## [Task]
An exact restatement of the data is required, with the images omitted.
[Material supplied Boundary: Start]
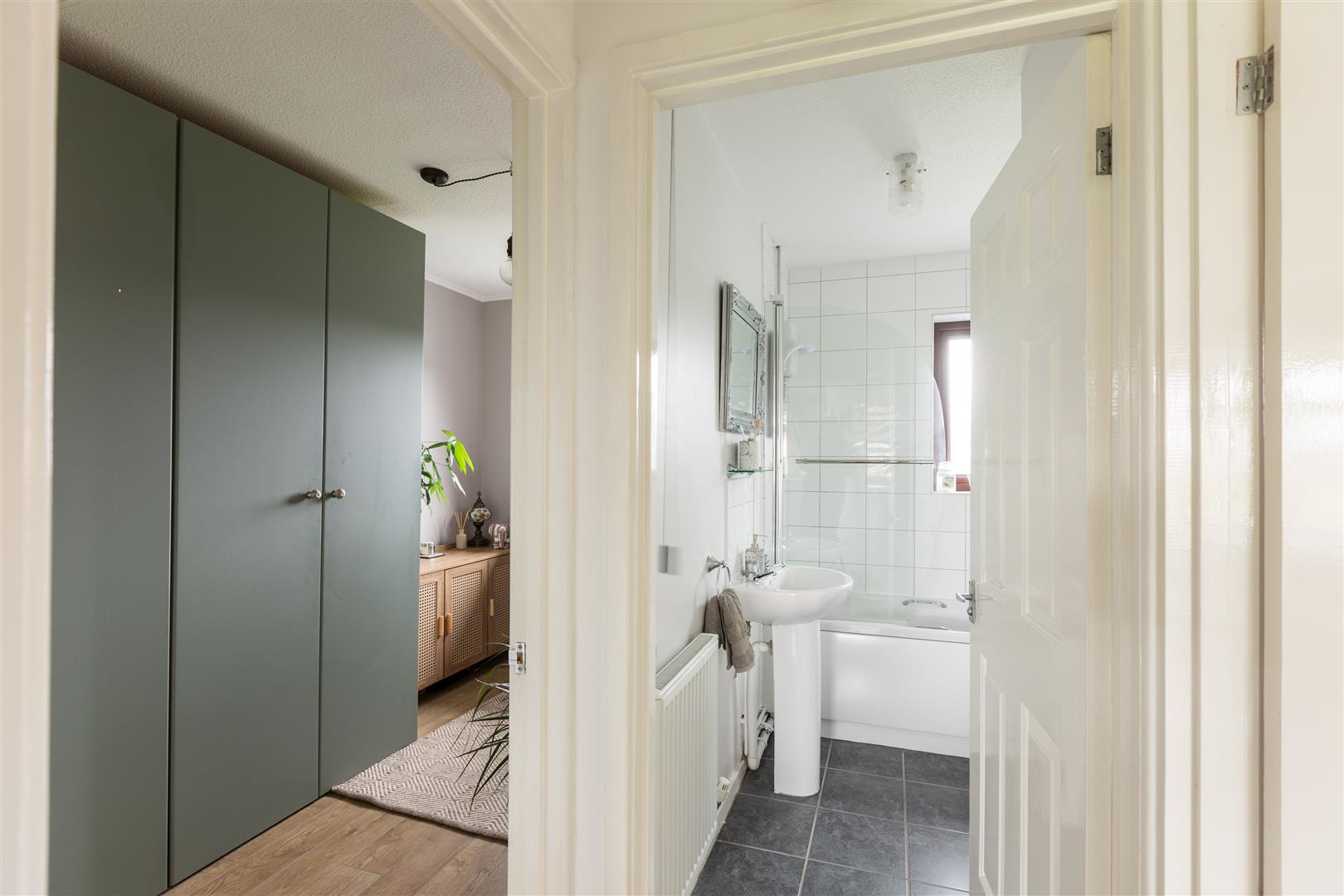Brynteg, Llansamlet, Swansea, photo 21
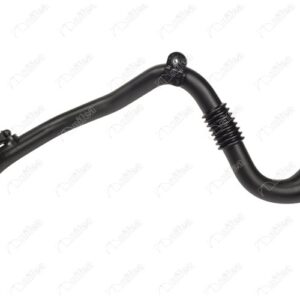 TURBO BORUSU RENAULT LAGUNA III 1.5 dCi BT00. BT0A. BT0T. BT1J 07-15
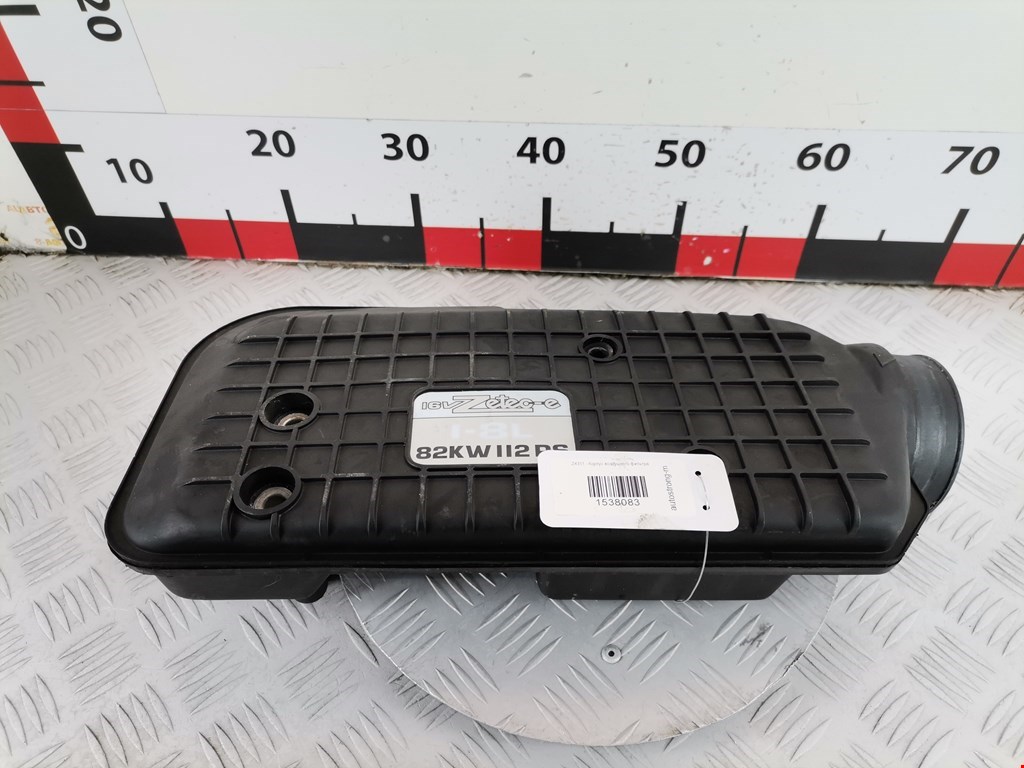 Корпус воздушного фильтра FORD Mondeo II 1996-2000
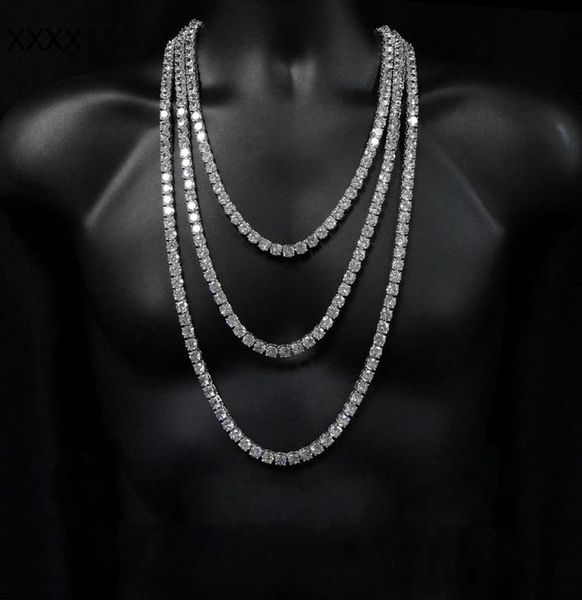 iced out hip hop cz paved for men with white gold plated long chain tennis necklace mens jewelry8409430, Silver
iced out hip hop cz paved for men with white gold plated long chain tennis necklace mens jewelry8409430, Silver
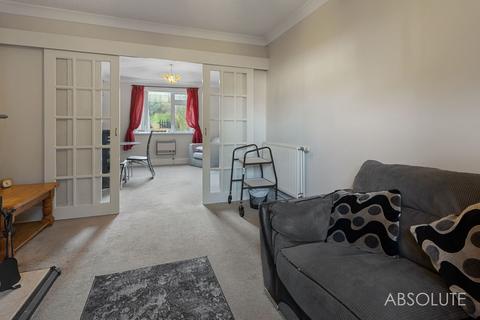 3 bedroom semi-detached house for sale, Hilly Gardens Road, Torquay, TQ1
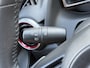 Mazda 2 1.5 Skyactiv-G Luxury | CarPlay | Navi | Camera | LED | 16 inch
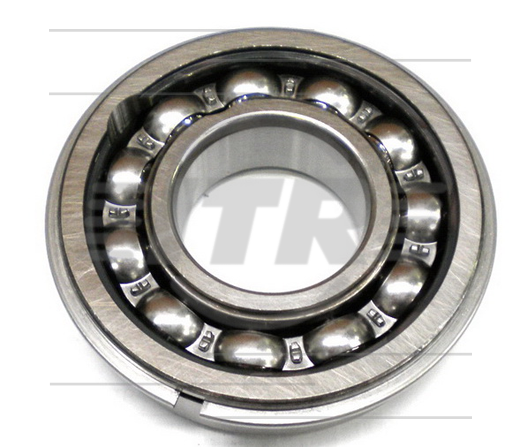 1T-0542 Bearing for CATERPILLAR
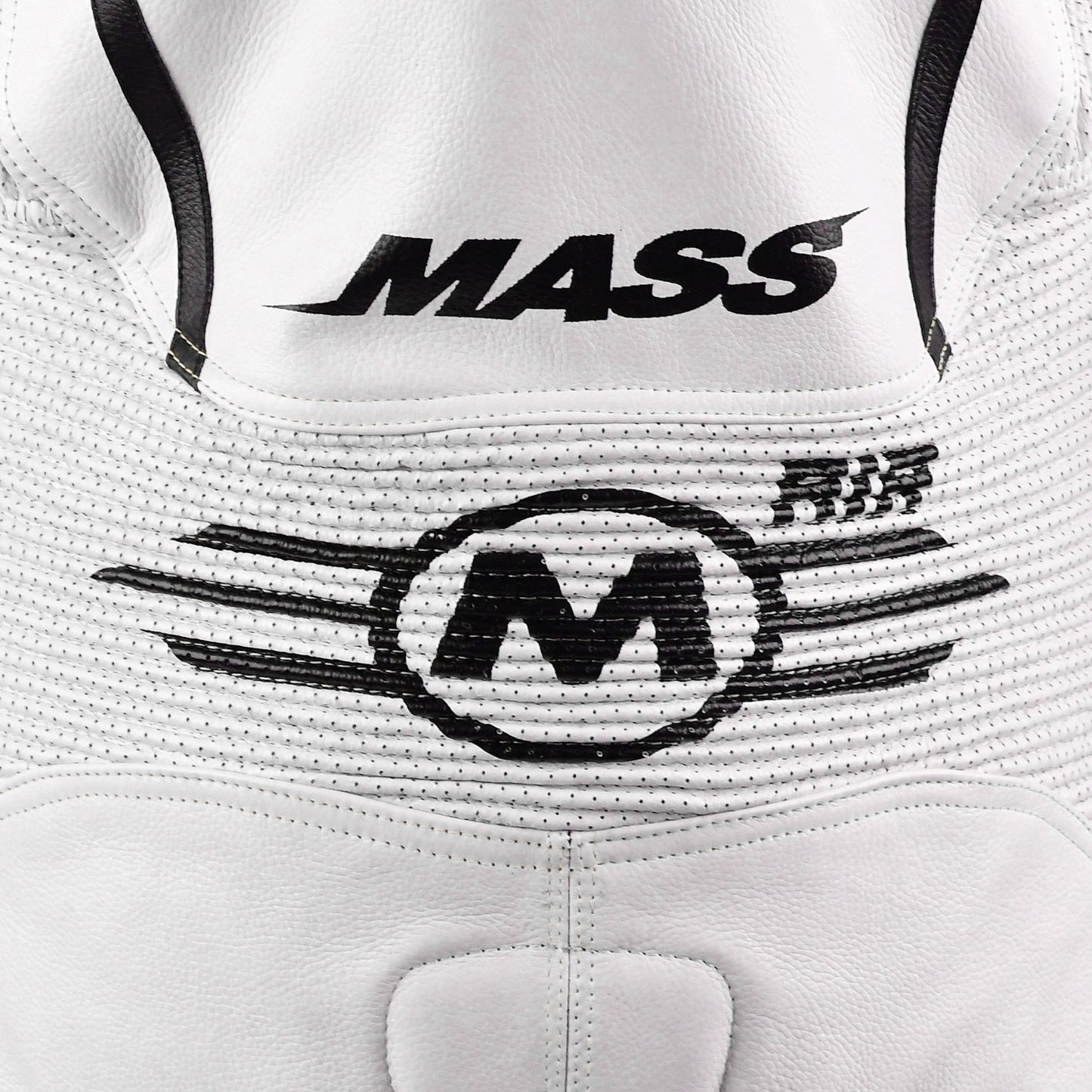 MSGP20A  Motorcycle  Racing Suit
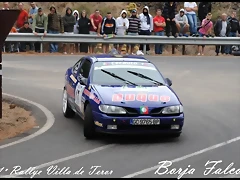rallye teror ´11 091 rallye teror ´11 091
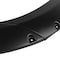 Spec-D Tuning 05-11 Toyota Tacoma Fender Flares-6 Ft Bed-Pocket Style-Smooth FDF-TAC05A-PK-MP - alternate 7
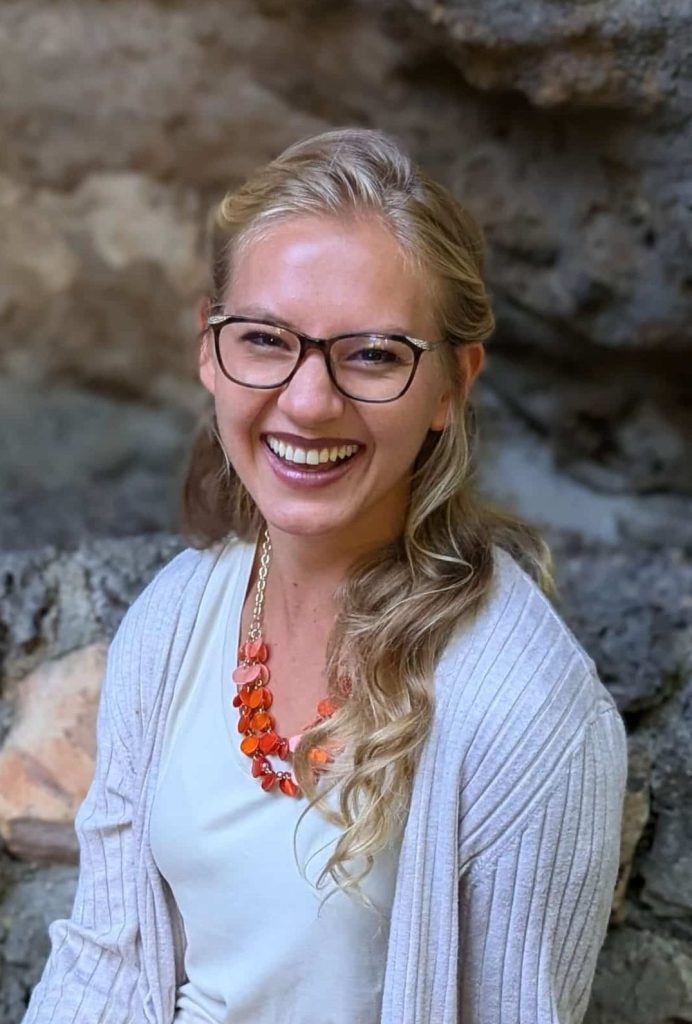 Guided Breathwork For Stress Relief Audio: A Practical Path Guided Breathwork For Stress Relief Audio: A Practical Path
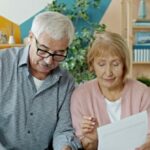 Nolte: Os enormes data centers de IA do estado explodem o custo das contas de energia elétrica de todos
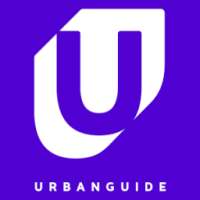 Urban Guide on 9Apps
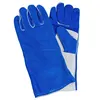 /product-detail/welding-gloves-50039204631.html
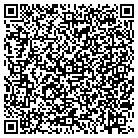 QR code with Western Reserve Life contacts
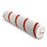 For Dreame V8/V9/V9B/V10 1Pc Rolling Brush Replacement Soft Roller Brush Vacuum Cleaner Accessory - 4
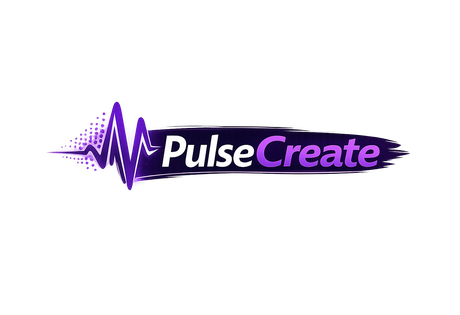 PulseCreate
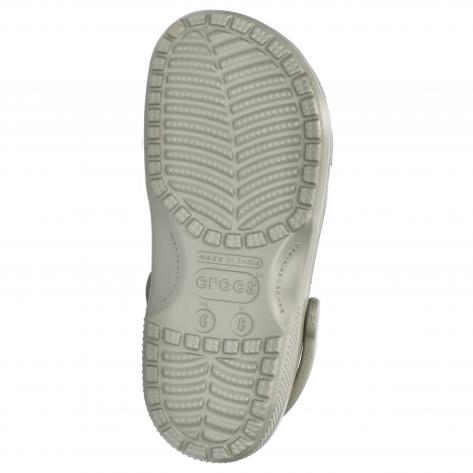 Crocs Schuhe Classic 10001 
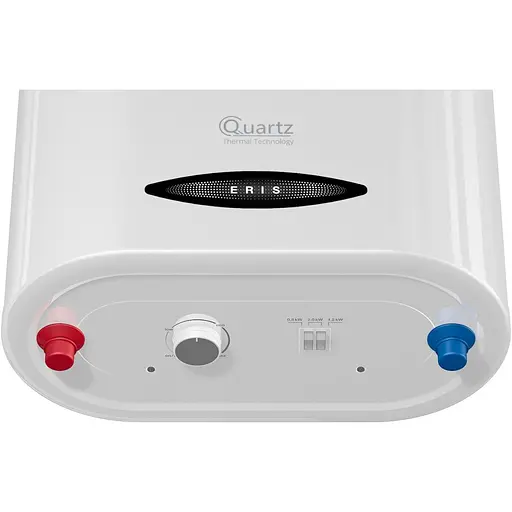 Бойлер Quartz Eris 50 (127536) - фото 5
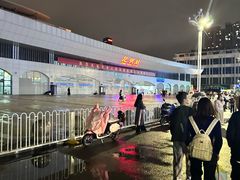 -端仕小锅(文林街店)
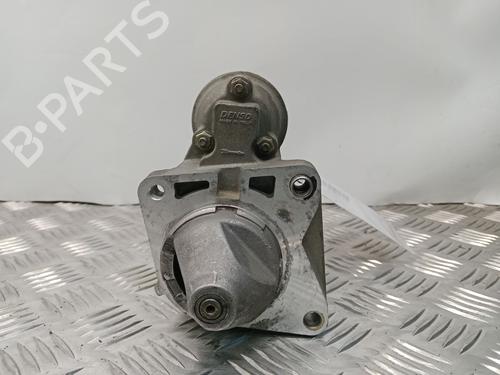 Startmotor Startmotor FIAT PANDA Hatchback Van (141_) 1.1 4x4 (54 hp) 22924594 22924594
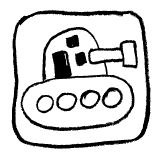 Андрей Жвалевский, Евгения Пастернак - Типа смотри короче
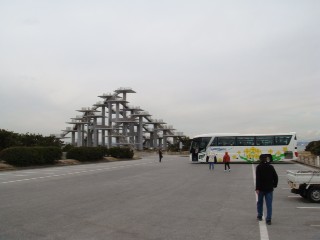 b0061261_2263851.jpg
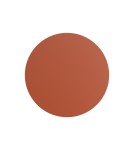 Designer wall lamps - Thoro Wall lamp BORGEN ochre red LED 3000K TH.473 - product 1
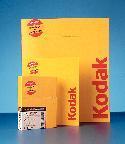 KODAK® X-OMAT® AR (XAR) Autoradiography Film, Carestream Health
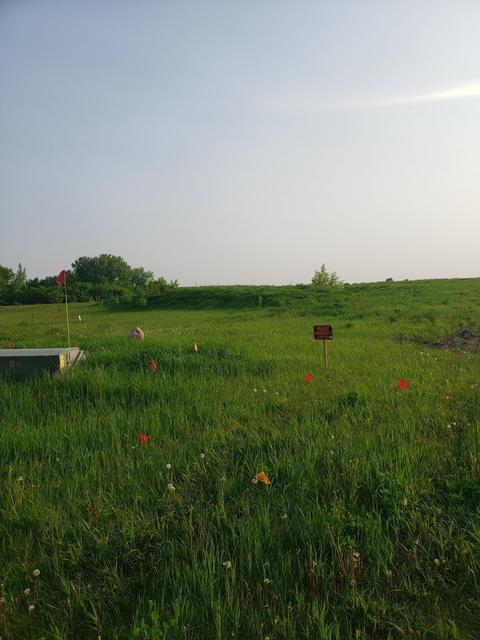 Nn Prairie Ridge Lane, Lester Prairie, MN 55354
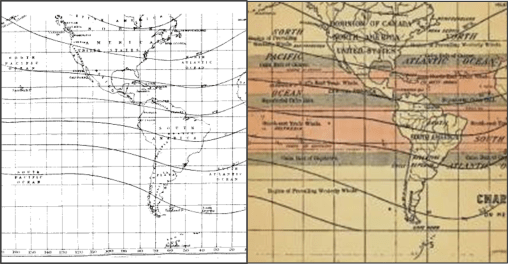 LawsonFelkin_AmericasCloser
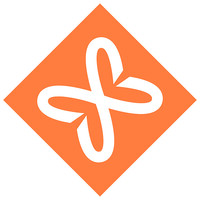 Schröder+Schömbs PR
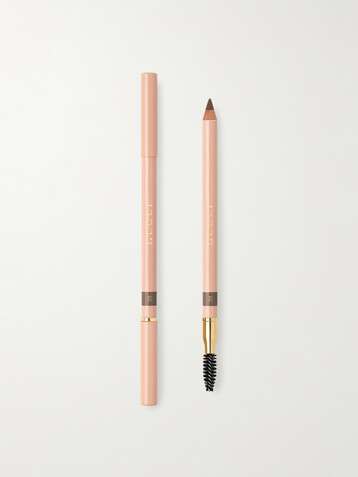 GUCCI BEAUTY Powder Eyebrow Pencil - Light Brown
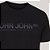 Camiseta John John Generation Ve27 Preto Masculino - Imagem 5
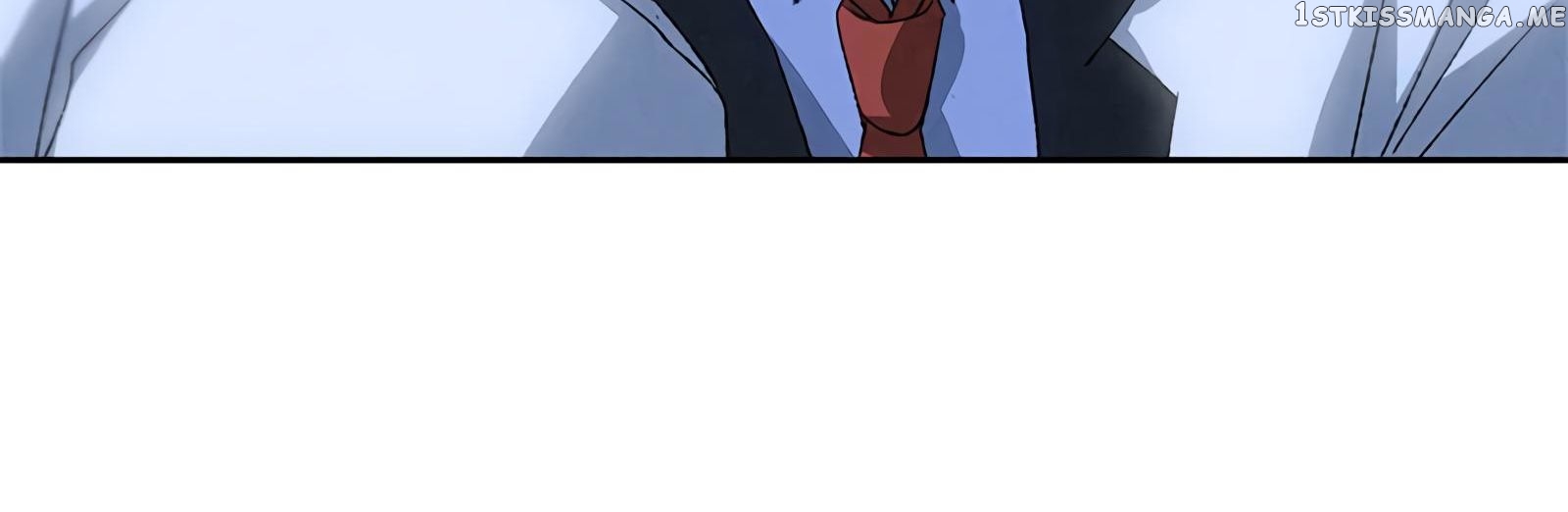 I Was Trash Chapter 62 - page 66
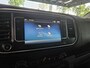 Toyota ProAce Worker Long 2.0 D-4D L2 Navigator | 31.600km | Trekhaak | Apple Carplay & Android Auto | BSM | Parkeersensoren V + A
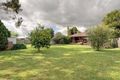 Property photo of 10 Mercer Court Coldstream VIC 3770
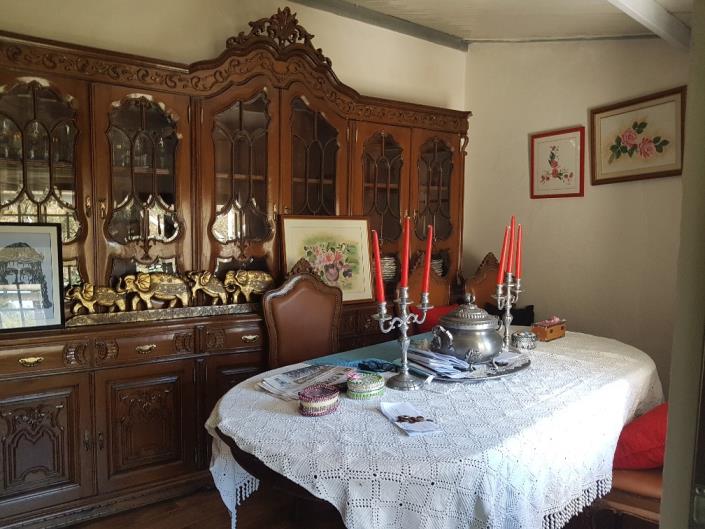 Image No.20-Chalet de 4 chambres à vendre à Pampilhosa da Serra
[Material supplied Boundary: End]
## [Exercise output]
Brynteg, Llansamlet, Swansea, photo 21
 TURBO BORUSU RENAULT LAGUNA III 1.5 dCi BT00. BT0A. BT0T. BT1J 07-15
 Корпус воздушного фильтра FORD Mondeo II 1996-2000
 iced out hip hop cz paved for men with white gold plated long chain tennis necklace mens jewelry8409430, Silver
iced out hip hop cz paved for men with white gold plated long chain tennis necklace mens jewelry8409430, Silver
 3 bedroom semi-detached house for sale, Hilly Gardens Road, Torquay, TQ1
 Mazda 2 1.5 Skyactiv-G Luxury | CarPlay | Navi | Camera | LED | 16 inch
 1T-0542 Bearing for CATERPILLAR
 MSGP20A  Motorcycle  Racing Suit
rallye teror ´11 091 rallye teror ´11 091
 Spec-D Tuning 05-11 Toyota Tacoma Fender Flares-6 Ft Bed-Pocket Style-Smooth FDF-TAC05A-PK-MP - alternate 7
 Guided Breathwork For Stress Relief Audio: A Practical Path Guided Breathwork For Stress Relief Audio: A Practical Path
 Nolte: Os enormes data centers de IA do estado explodem o custo das contas de energia elétrica de todos
 Urban Guide on 9Apps
 /product-detail/welding-gloves-50039204631.html
 QR code with Western Reserve Life contacts
 For Dreame V8/V9/V9B/V10 1Pc Rolling Brush Replacement Soft Roller Brush Vacuum Cleaner Accessory - 4
 PulseCreate
 Crocs Schuhe Classic 10001 
 Бойлер Quartz Eris 50 (127536) - фото 5
 -端仕小锅(文林街店)
 Startmotor Startmotor FIAT PANDA Hatchback Van (141_) 1.1 4x4 (54 hp) 22924594 22924594
 Андрей Жвалевский, Евгения Пастернак - Типа смотри короче
 b0061261_2263851.jpg
 Designer wall lamps - Thoro Wall lamp BORGEN ochre red LED 3000K TH.473 - product 1
 KODAK® X-OMAT® AR (XAR) Autoradiography Film, Carestream Health
 Nn Prairie Ridge Lane, Lester Prairie, MN 55354
 LawsonFelkin_AmericasCloser
 Schröder+Schömbs PR
 GUCCI BEAUTY Powder Eyebrow Pencil - Light Brown
 Camiseta John John Generation Ve27 Preto Masculino - Imagem 5
 I Was Trash Chapter 62 - page 66
 Toyota ProAce Worker Long 2.0 D-4D L2 Navigator | 31.600km | Trekhaak | Apple Carplay & Android Auto | BSM | Parkeersensoren V + A
 Property photo of 10 Mercer Court Coldstream VIC 3770
 Image No.20-Chalet de 4 chambres à vendre à Pampilhosa da Serra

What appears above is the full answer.